Le conseil ouvrier détient l’autorité suprême. Il est composé, selon l’importance de l’entreprise, de quinze à vingt membres élus. Il détermine la réglementation et le planning de l’entreprise, élit le conseil d’administration et contrôle ses activités.

Le conseil d’administration (trois à onze membres, dont le directeur est membre de droit et dont les deux tiers au moins sont des ouvriers de production) applique les décisions générales du conseil ouvrier et peut prendre aussi les décisions courantes qui n’entrent pas dans les attributions de ce conseil.

Le directeur, nommé par le conseil d’administration, est le véritable administrateur de l’entreprise. Dans le domaine des relations de travail, on peut faire appel de ses décisions auprès du conseil d’administration. Il peut opposer son veto aux décisions du conseil ouvrier ou du conseil d’administration qui lui apparaissent contraires aux réglementations d’État. En cas de désaccord persistant, c’est le comité municipal du peuple qui décide.

2. Le fonctionnement de l’entreprise

Trois soucis guident l’action du législateur: rendre possible par une réglementation juridique appropriée le fonctionnement régulier de l’entreprise; veiller à ce que s’établisse entre les différents intérêts de l’entreprise un équilibre équitable; soumettre la cessation du fonctionnement de l’entreprise à des règles propres à éviter que ne soit compromis l’intérêt public ou celui des créanciers de l’entreprise.

La continuité du fonctionnement de l’entreprise

Ces règles ont un double objet: maintenir la cohésion interne de l’entreprise en cas de cession entre vifs ou de transmission post mortem ; la protéger contre la concurrence déloyale qui pourrait éventuellement être faite par d’autres entreprises.

Le droit civil, le droit commercial, le droit du travail concourent à la réalisation du premier objectif. L’application des règles classiques d’un droit successoral à fondement égalitaire risque en effet, si l’on n’y prend garde, d’entraîner rapidement, à la mort de l’entrepreneur, le démembrement de l’entreprise. Fort heureusement, en droit civil successoral, il y a longtemps que l’entreprise agricole, menacée de démembrement à la mort de l’exploitant, est protégée contre un sort aussi funeste par des règles appropriées (attribution préférentielle, maintien dans l’indivision; art. 815 et 837 du Code civil). En droit français, la loi du 19 décembre 1961 a étendu ce régime protecteur aux entreprises industrielles et commerciales, dont la division peut être désormais plus facilement évitée grâce à l’attribution préférentielle à l’un des héritiers qui dédommagera les autres.

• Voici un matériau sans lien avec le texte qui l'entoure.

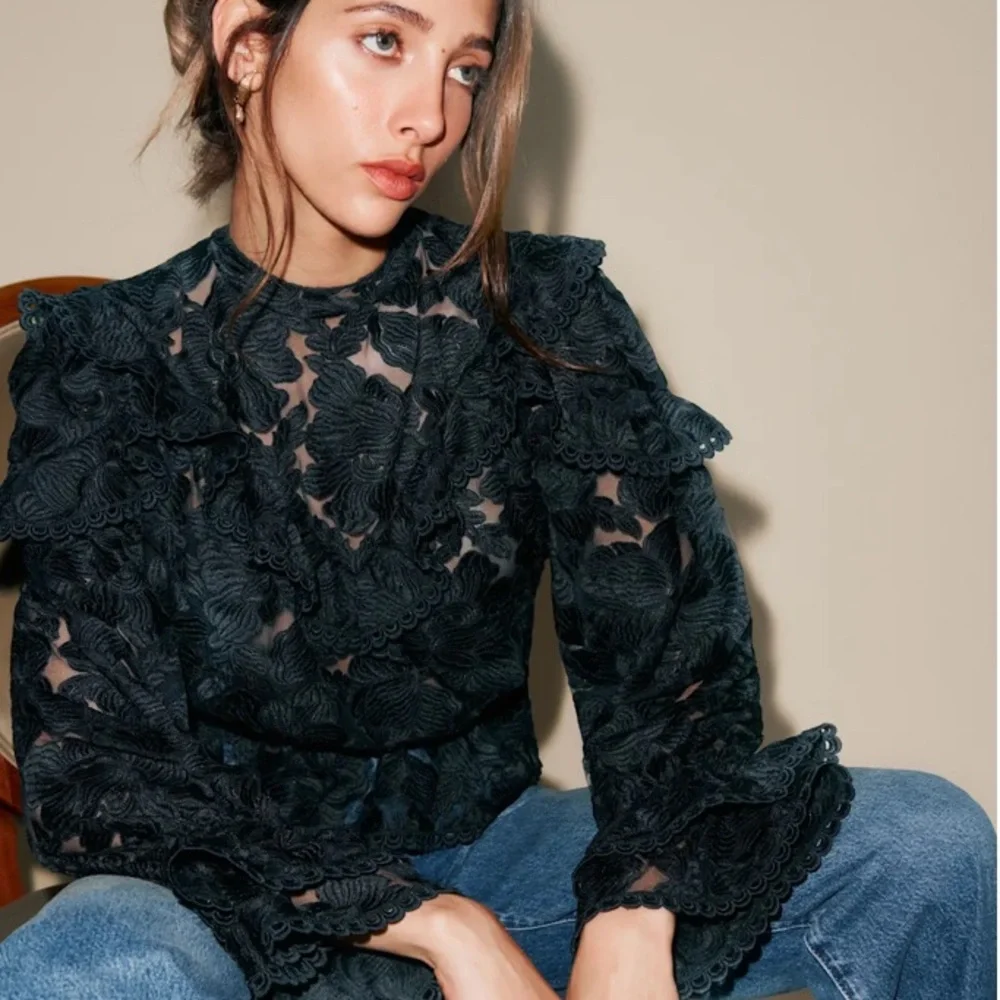 Reformation The Collection Carlisle Black Lace Blouse Romantic Feminine Top NWT - Picture 4 of 15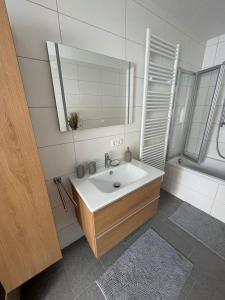 格蒙登Ferienwohnung Gmunden City的一间带水槽和镜子的浴室
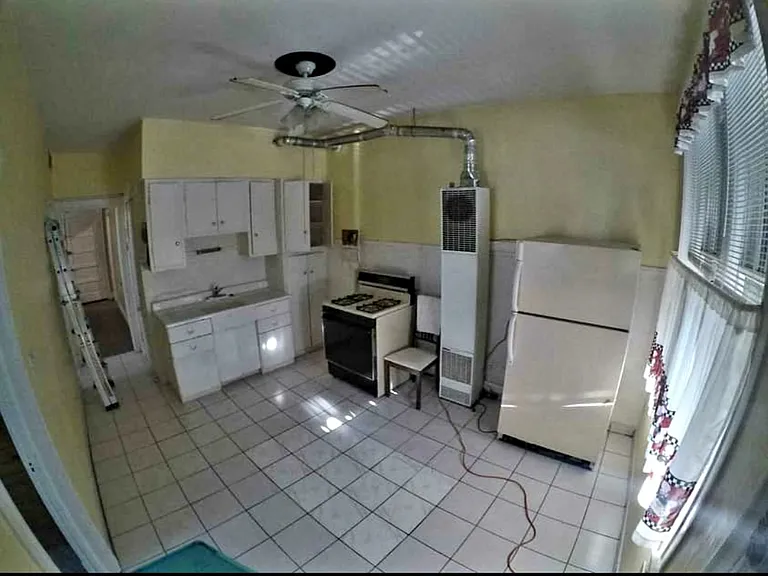 840 N Maplewood Ave #2R — Photo 4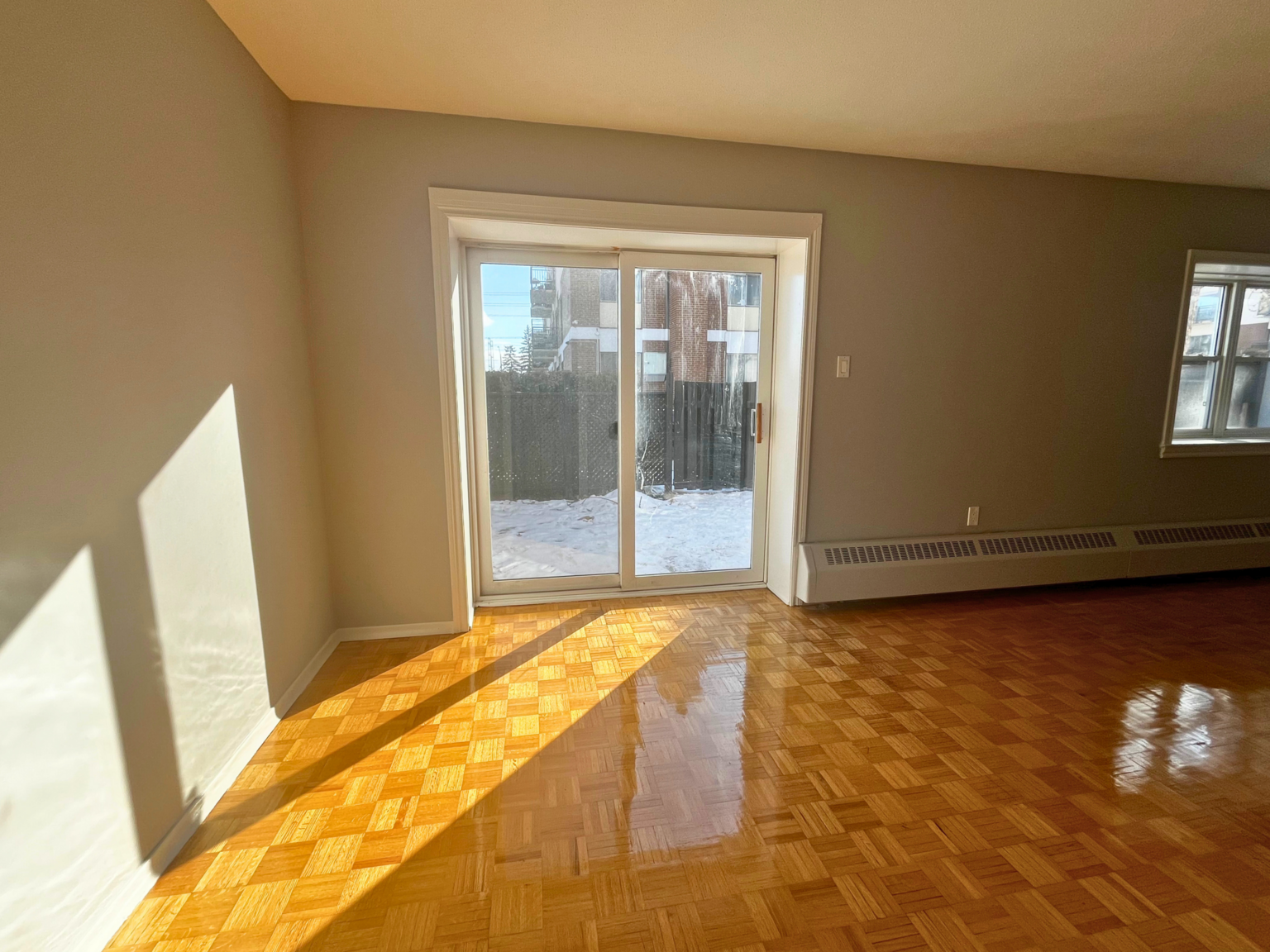 2247 Walkley Road, Ottawa, ON, K1G 3G8 - 4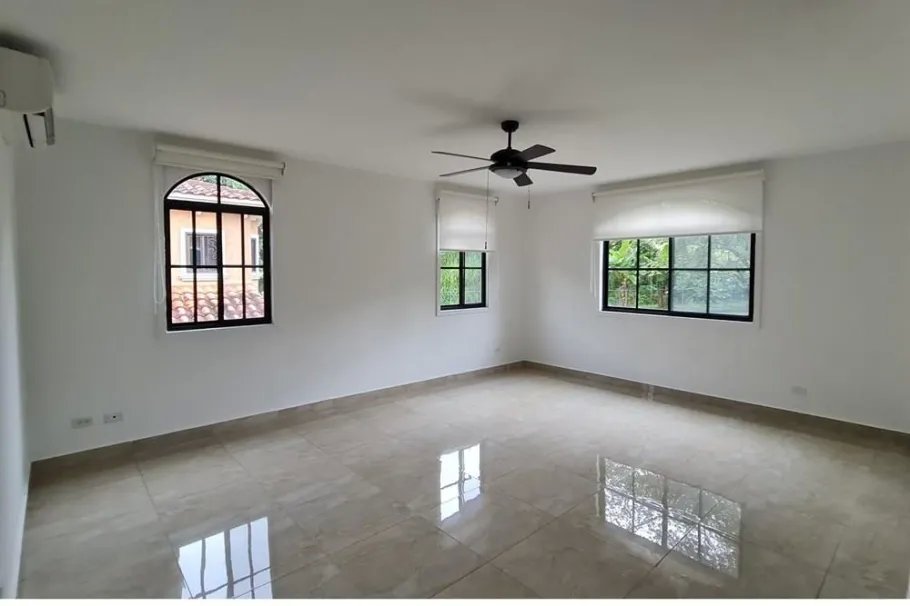 Se Vende Casa en PH Clayton Village, Clayton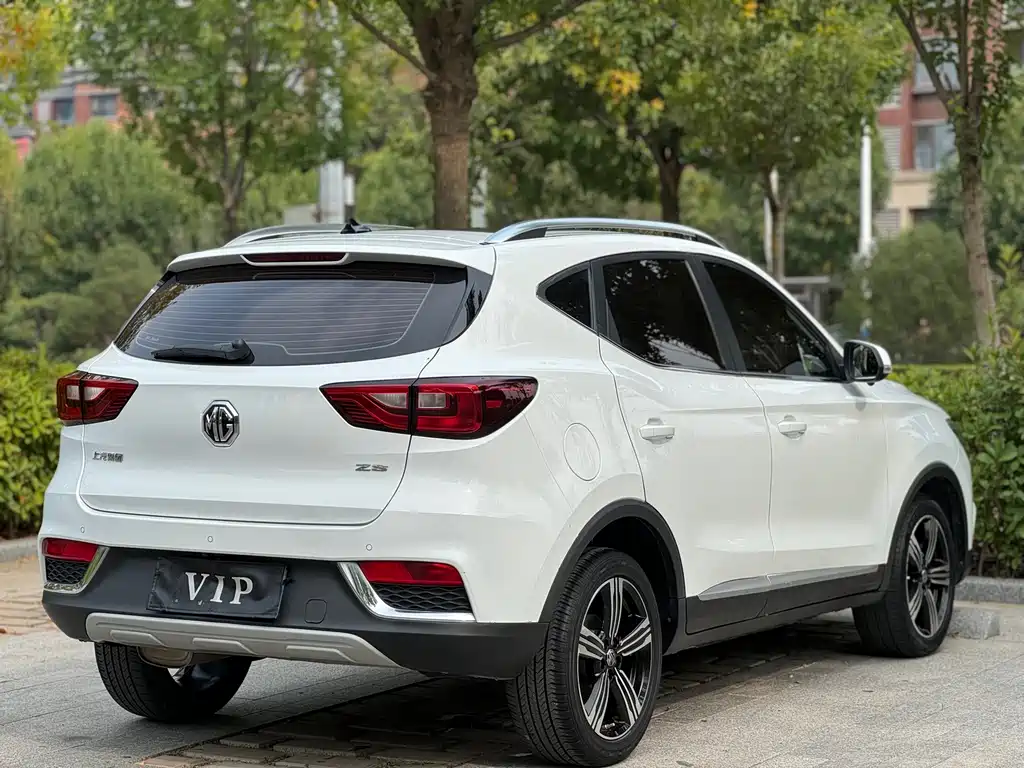 MG ZS — миниатюра 10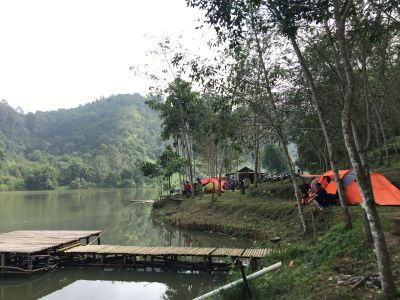 Pesona Bendungan Sarasah Tanggo di Lima Puluh Kota yang Cocok Jadi Tempat Camping Saat Weekend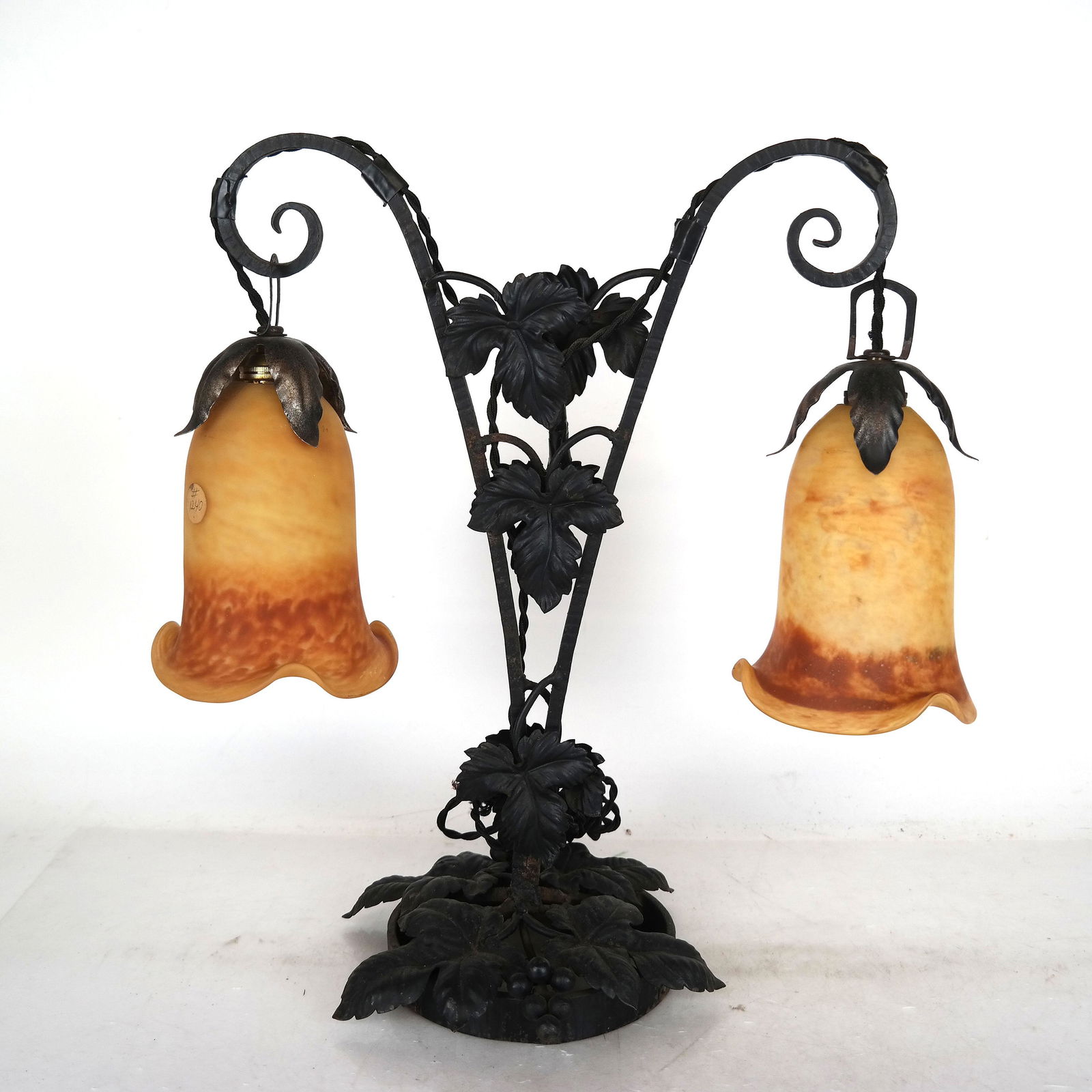 Art Nouveau Two-Light Table Lamp (1 of 11)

La cohésion de l’entreprise, quand celle-ci a conservé la forme individuelle, peut également être compromise en cas de cession si les parties qui la composent sont, à cette occasion, séparées. Les divers éléments d’exploitation d’une entreprise, tels qu’ils ont été rassemblés par celui qui la dirige, forment un ensemble qui lui donne sa valeur. Ils concourent à constituer ce qu’on appelle un fonds de commerce. Réunis par le commerçant grâce à son activité, ils permettent d’acquérir et de maintenir une clientèle. Ce fonds de commerce est juridiquement considéré comme une universalité , c’est-à-dire un ensemble unitaire, susceptible en tant que tel d’une opération unique de vente ou de nantissement, regroupant des éléments disparates: des biens corporels, tels le matériel et souvent les marchandises; des biens incorporels aussi, tels le nom commercial, l’enseigne et surtout le droit au bail commercial.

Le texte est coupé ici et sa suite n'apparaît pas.